Imagine Bynum on those early breaks posting deep and getting the dunk every time instead of jostling in the paint for 10 seconds as Fish/Blake try and find an angle to get him the ball. 

Imagine Gasol being the midrange assasin off of easy pick and pop pick and roll baskets with Kobe dragging the defense out to the wing. 

I mean Nash would be a liability on defense but we have that now. But with out rebounding and then our offense with Nash it would be so easy. 

Kobe has been so conditioned to taking bad shots he takes 9-10 What the **** shots a game because no one hardly ever generates offense for him. I think he resents that sometimes and therfore ignores his teammates who wanna always eat off his dimes. 

Hell in last nights game it was a struggle just getting Kobe the ball. 

I always say that MJ had it so easy playing with Pippen haviing a great athlete at 6'8 who could always get you the ball easy for quick takes. 

Kobe hasn't had it sweet like that since Shaq left.


----------



## jazzy1 (Jul 16, 2002)

Jamel Irief said:


> Brown clearly is still working on his rotation. He plays kapono at backup 2 one game, Ebanks the next and Goudelock tonight. He still can't decode who the first big off the bench is between Murphy and mcroberts.
> 
> The SF issue should be settled. I was all for ebanks, but I like him more with the ball then off it. Hell metta is barely playing the last two games.


Seems like Metta and Fisher have come back not in shape to be real contributors. Maybe by midseason they actually start doing shit. 

Barnes is ready. Almost every basket he gets is an easy one.


----------



## Jamel Irief (May 19, 2002)

jazzy1 said:


> I am seriously warming to this idea. Simply because our pg play is just dreadful. If we got Nash there is no one that would beat us we'd be clear favorites for the NBA Title then.
> 
> simply because we would become more efficient. Kobe with Nash would get 25 of the easiest pts a game he has ever scored.

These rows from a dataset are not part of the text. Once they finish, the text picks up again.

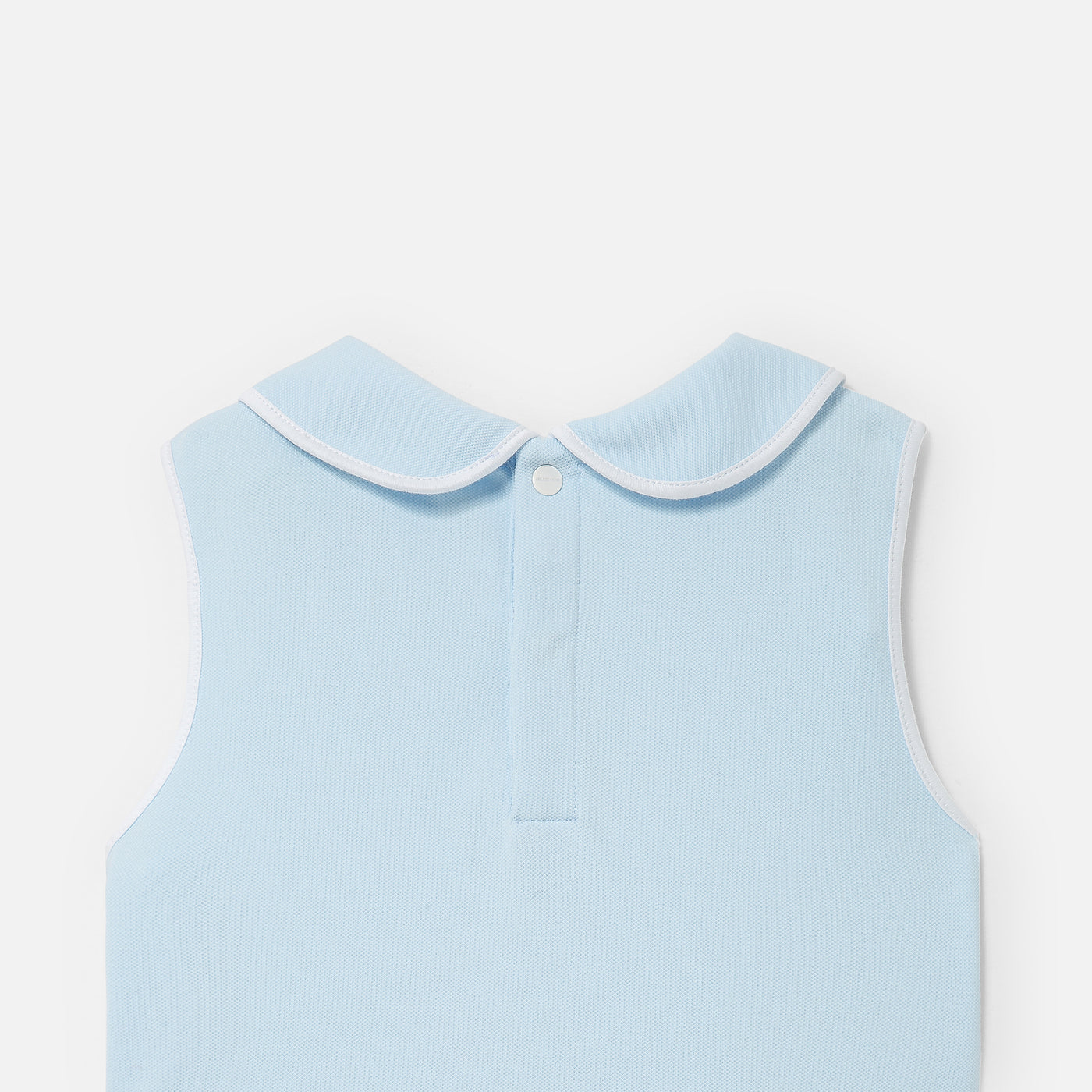 Girl dress in cotton piqué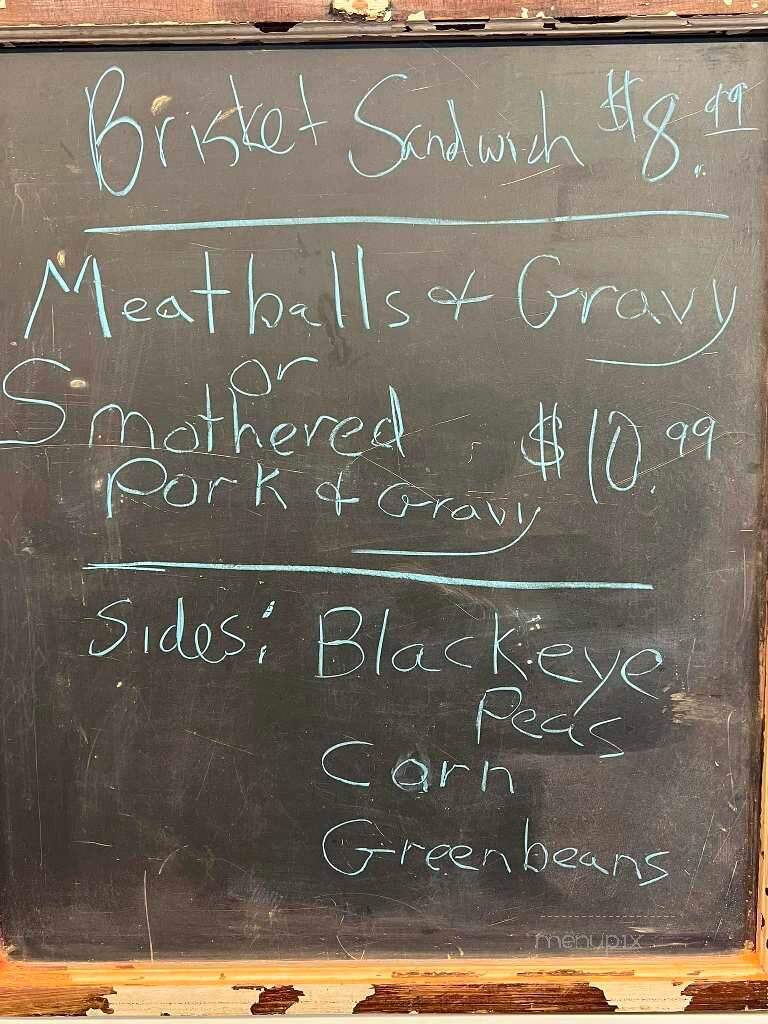 Cajun Corner Cafe - Saint Martinville, LA menu_pic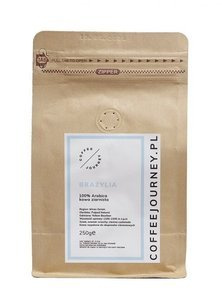 Kawa ziarnista Coffee Journey Brazylia 250g - opinie w konesso.pl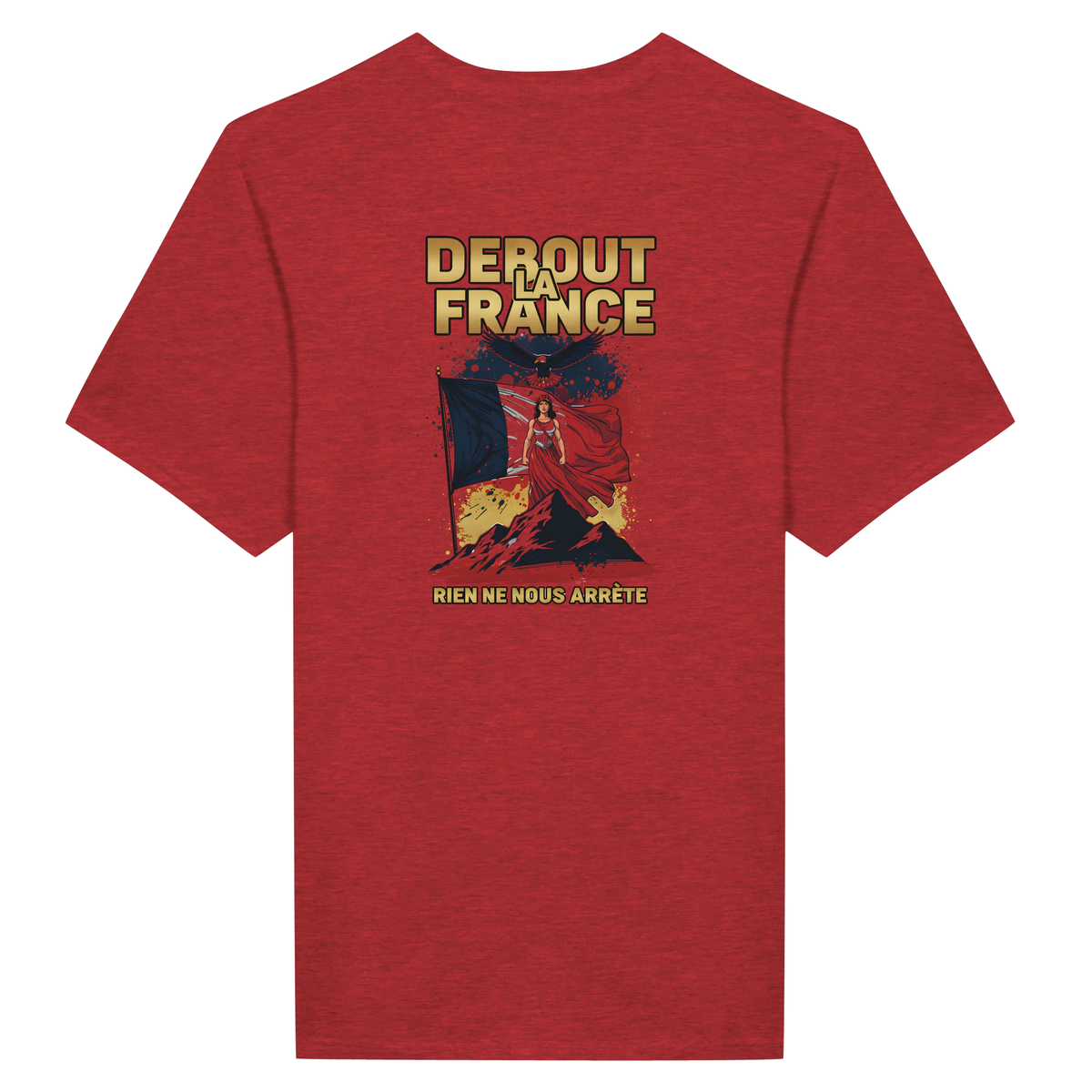 T-shirt Femme Debout la France – Coton Premium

Imagine someone giving Kobe the ball in the right spots all the time without worry of a turnover Kobe off the ball getting plays where he can just catch take 1 dribble and shooot.
> 
> ...


You really have to warm up to the idea of adding Nash for nothing? God lord we would have no flaws offensively. Bynum would average 22 a game.


----------



## Wilt_The_Stilt (Jun 7, 2002)

Murphy is a little more aggressive looking for his shot. That's a good thing. Blake is too, although our point guard situation is still dreadful. A guy like Dragic would be nice. He can't be too expensive but he would help out in a lot of areas.


----------



## jazzy1 (Jul 16, 2002)

Jamel Irief said:


> You really have to warm up to the idea of adding Nash for nothing? God lord we would have no flaws offensively. Bynum would average 22 a game.


Not a Nash fan maybe the worst pg on the defensive end of the floor of alltime despite his offensive brillance.


----------



## ceejaynj (Oct 9, 2005)

I haven't seen Nash play yet this season, so it's hard to say how much he has left in the tank at his age. I know he is six months younger than Fish. Assuming we kept Fish, picking up Nash would give us the oldest back court in the NBA. Not to mention a continued disadvantage on defense. Picking up Nash would be a very short-term solution. I love Steve Nash and I think he would be a great fit...but do we wanna go in that direction?


----------



## Jamel Irief (May 19, 2002)

ceejaynj said:


> I haven't seen Nash play yet this season, so it's hard to say how much he has left in the tank at his age. I know he is six months younger than Fish. Assuming we kept Fish, picking up Nash would give us the oldest back court in the NBA. Not to mention a continued disadvantage on defense. Picking up Nash would be a very short-term solution. I love Steve Nash and I think he would be a great fit...but do we wanna go in that direction?


It would make the lakers very strong contenders for the next 2-3 years. The time is now to win more rings. Goudelock isn't a future Kobe. 

Besides it would be for nothing. Fisher would be a 3rd stringer.


----------



## ceejaynj (Oct 9, 2005)

Jamel Irief said:


> Besides it would be for nothing. Fisher would be a 3rd stringer.


I love Fish...but I can live with that!


----------